毎日新聞は22、23両日、全国世論調査を実施した。安倍内閣の支持率は26%で、6月の前回調査から10ポイント減。不支持率は12ポイント増の56%だった。支持率が20%台になったのは2012年12月の第2次安倍内閣発足後、初めて。安倍晋三首相の自民党総裁任期が来年9月に終わることを踏まえ、「代わった方がよい」との回答は62%(3月調査は41%)で、3期目も「総裁を続けた方がよい」の23%(同45%)を大きく上回った。首相の政権運営は厳しさを増している。

 首相の友人が理事長を務める学校法人「加計(かけ)学園」による国家戦略特区を利用した獣医学部新設計画を巡り、政府のこれまでの説明を「信用できない」は76%に達し、「信用できる」は11%。内閣支持層でも「信用できない」(49%)が「信用できる」(36%)よりも多かった。首相は24、25両日、衆参両院予算委員会の閉会中審査で、加計学園の計画に自身が関与していないことを説明する考えだ。

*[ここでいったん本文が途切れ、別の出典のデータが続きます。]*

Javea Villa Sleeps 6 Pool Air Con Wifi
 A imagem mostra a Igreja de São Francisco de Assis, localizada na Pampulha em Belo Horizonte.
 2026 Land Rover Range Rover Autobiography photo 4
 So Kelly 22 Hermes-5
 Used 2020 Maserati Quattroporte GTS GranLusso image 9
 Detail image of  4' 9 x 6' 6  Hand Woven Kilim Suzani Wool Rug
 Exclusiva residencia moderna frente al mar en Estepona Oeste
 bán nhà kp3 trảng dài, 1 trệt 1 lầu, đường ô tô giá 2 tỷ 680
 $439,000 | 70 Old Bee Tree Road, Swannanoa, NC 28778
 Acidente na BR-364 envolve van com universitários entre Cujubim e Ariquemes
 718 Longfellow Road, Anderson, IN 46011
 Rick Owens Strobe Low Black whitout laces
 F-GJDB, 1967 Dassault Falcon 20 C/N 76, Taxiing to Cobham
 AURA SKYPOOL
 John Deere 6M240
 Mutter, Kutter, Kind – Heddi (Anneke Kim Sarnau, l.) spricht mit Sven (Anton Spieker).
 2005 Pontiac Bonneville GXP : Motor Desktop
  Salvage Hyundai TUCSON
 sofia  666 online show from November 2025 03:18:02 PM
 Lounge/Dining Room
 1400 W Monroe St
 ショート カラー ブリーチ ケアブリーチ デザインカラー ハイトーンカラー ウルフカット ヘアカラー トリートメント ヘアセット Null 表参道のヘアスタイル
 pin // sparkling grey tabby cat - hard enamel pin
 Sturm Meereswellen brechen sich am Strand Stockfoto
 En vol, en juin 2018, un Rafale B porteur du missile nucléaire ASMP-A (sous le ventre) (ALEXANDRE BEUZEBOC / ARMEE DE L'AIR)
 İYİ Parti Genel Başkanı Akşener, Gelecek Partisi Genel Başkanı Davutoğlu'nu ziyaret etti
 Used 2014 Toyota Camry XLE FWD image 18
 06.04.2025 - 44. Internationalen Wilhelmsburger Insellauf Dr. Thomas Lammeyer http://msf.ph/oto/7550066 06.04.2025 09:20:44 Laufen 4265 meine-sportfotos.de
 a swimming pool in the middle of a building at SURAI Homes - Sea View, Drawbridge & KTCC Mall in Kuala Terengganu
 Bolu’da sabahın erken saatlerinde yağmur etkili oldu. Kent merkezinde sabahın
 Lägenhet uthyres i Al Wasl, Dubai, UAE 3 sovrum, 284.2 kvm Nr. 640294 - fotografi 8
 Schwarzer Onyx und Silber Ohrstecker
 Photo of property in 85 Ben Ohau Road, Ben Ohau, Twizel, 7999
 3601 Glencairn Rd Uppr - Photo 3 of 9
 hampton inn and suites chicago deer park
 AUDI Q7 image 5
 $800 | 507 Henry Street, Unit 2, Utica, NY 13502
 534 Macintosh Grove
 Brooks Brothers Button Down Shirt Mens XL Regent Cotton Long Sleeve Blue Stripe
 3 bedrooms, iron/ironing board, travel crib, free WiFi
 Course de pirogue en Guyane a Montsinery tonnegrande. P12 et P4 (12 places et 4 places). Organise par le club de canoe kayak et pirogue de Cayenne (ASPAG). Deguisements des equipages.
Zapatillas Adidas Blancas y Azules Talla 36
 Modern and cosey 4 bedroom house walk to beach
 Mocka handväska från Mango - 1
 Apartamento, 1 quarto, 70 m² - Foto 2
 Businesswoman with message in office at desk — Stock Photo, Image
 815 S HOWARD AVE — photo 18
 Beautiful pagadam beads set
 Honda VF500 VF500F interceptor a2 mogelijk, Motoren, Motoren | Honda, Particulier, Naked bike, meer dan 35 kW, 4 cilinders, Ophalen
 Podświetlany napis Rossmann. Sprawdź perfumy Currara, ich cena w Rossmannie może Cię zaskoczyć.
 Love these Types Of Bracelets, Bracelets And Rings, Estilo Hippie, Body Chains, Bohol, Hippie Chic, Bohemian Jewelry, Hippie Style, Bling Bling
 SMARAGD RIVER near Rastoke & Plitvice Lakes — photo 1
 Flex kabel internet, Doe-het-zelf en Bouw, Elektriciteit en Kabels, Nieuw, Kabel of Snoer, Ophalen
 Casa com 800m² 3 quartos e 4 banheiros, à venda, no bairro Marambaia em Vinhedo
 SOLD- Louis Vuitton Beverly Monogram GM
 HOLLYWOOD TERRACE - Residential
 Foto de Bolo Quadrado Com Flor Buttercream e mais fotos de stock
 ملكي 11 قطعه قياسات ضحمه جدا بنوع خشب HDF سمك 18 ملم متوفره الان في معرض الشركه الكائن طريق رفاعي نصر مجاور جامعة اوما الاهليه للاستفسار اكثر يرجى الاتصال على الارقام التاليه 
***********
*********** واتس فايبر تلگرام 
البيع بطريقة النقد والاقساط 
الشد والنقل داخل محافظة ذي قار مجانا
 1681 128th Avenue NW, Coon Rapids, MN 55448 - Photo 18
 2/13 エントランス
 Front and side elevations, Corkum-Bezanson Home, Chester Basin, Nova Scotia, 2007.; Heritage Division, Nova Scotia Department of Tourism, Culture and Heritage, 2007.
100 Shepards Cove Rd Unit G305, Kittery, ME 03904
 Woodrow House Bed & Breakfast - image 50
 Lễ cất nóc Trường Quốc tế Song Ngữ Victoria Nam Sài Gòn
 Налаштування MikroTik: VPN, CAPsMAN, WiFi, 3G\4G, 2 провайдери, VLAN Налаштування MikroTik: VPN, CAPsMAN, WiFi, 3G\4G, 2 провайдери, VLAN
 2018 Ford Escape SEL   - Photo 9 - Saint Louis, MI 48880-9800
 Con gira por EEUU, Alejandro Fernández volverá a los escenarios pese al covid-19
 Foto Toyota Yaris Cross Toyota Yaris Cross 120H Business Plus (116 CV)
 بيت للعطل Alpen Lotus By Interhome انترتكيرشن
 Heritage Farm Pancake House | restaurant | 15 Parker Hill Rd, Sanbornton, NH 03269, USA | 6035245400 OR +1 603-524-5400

 調査では「安倍1強」の政治状況についても聞いた。「自民党から安倍首相に代わる人が出てきてほしい」が31%で最も多く、「野党から首相に対抗できる人が出てきてほしい」は25%、「新しい政党や政治団体から首相に対抗できる人が出てきてほしい」は23%。「安倍首相が強いままでよい」は7%にとどまった。自民支持層では「安倍首相に代わる人」が51%を占め、「ポスト安倍」への期待をうかがわせた。

 支持率は2カ月連続で10ポイント下落し、与党内では憲法改正論議への影響を懸念する声も出始めた。今回の調査で、首相が目指す20年の改正憲法施行について、議論を「急ぐ必要はない」は66%、「急ぐべきだ」は22%。首相が5月に改憲方針を表明した後、慎重論は調査のたびに増えている。憲法9条の1項と2項をそのままにして、自衛隊の存在を明記する首相の改正案に関しては、「反対」が41%(前回比5ポイント増)、「賛成」が25%(同2ポイント減)、「わからない」が27%(同3ポイント減)だった。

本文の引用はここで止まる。